Genetic variants of an innate immune receptor that detects inflammation and tissue damage have been associated with HADS depression severity scores by a group of Hungarian researchers. These findings have implications for the function of brain-resident immune cells known as microglia and may contribute to the current understanding of genetic factors underlying the susceptibility for depression.
A group of Hungarian researchers investigated whether patients experiencing acute major depressive episodes carried different copies of the P2X7 receptor (purinergic receptor P2X, ligand-gated ion channel, 7) gene than healthy controls. The P2X7R, which is expressed by virtually all cells of the innate and adaptive immune systems, detects tissue damage and inflammation by sensing the extracellular presence of the energy-storing molecule ATP. Since depression may result from the abnormal stimulation of microglia, gene variants promoting the function of this immune-activating receptor could contribute to the onset and progression of disease.

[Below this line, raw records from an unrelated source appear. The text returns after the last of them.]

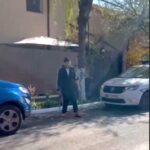 video un individ cu probleme psihice s a taiat cu maceta pe maini in plina strada 69edcf46ceee9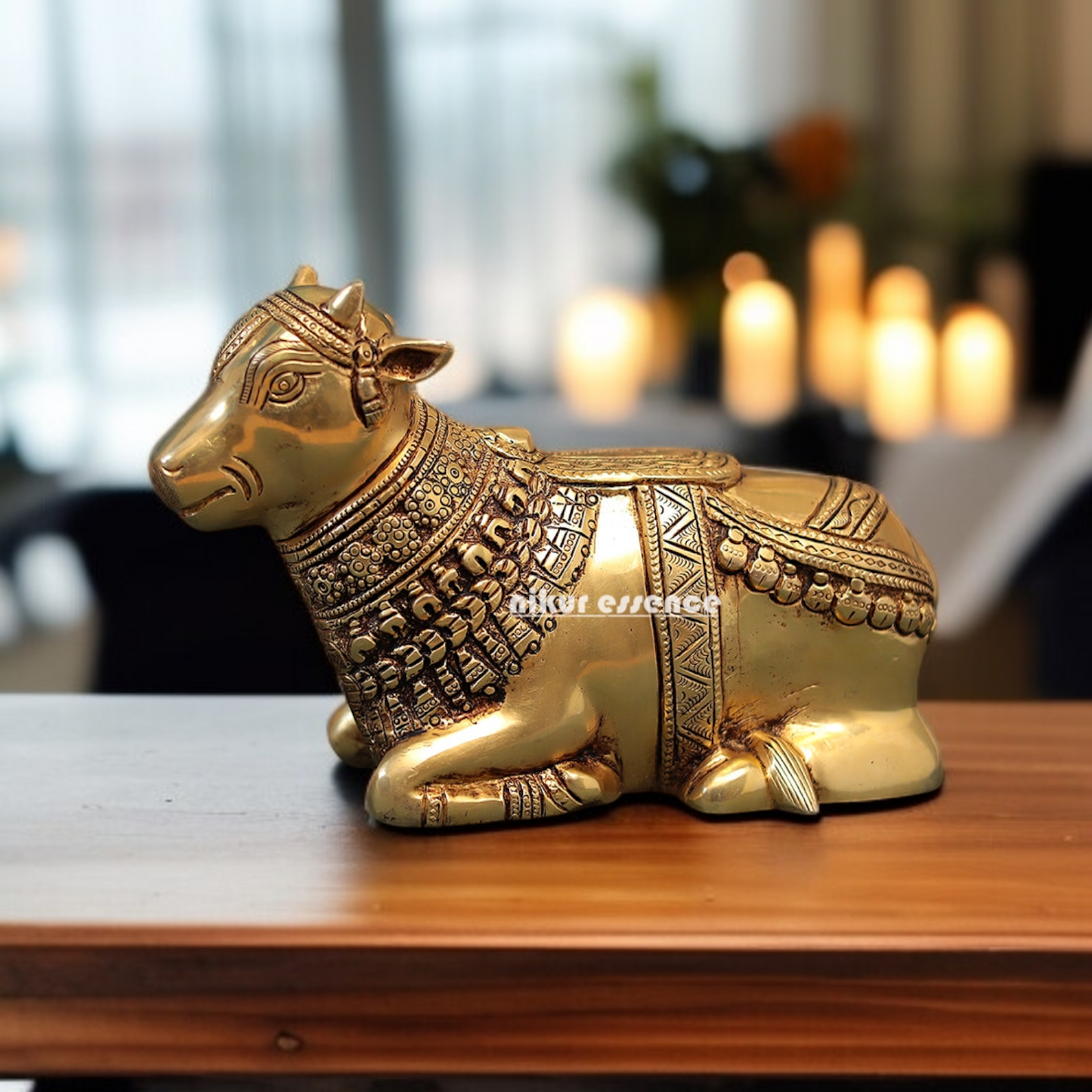 Nandi Sitting solid Brass idol - 9 Inches Nikuressence
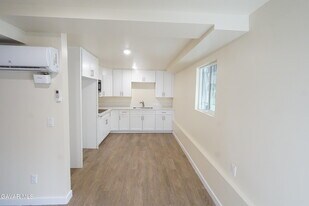 448 W 41st Pl in Los Angeles, CA - Building Photo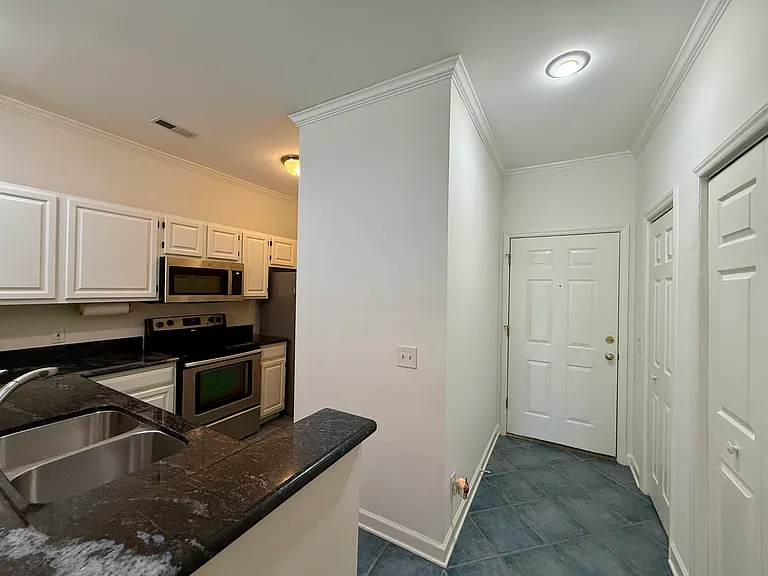 18009 Kings Point Dr #D — Photo 6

The researchers conducted a case-controlled analysis of 315 inpatients with Major Depressive Disorder or Bipolar Disorder and 406 healthy control subjects. While the case-control study did not associate variants of the gene with depression, certain regions of the gene were shown to associate significantly with HADS (Hospital Anxiety and Depression Scale) depression severity scores, suggesting that patients with these genetic variants are more likely to develop certain symptoms of depression.
Pharmacologic methods for targeting and inhibiting this receptor have been developed and may become available to treat patients with depression and other neurological disorders.
Vereczkei A, Abdul-Rahman O, Halmai Z, et al. (2019) Association of purinergic receptor P2RX7 gene polymorphisms with depression symptoms. Progress in Neuro-Psychopharmacology and Biological Psychiatry, 92:207-216.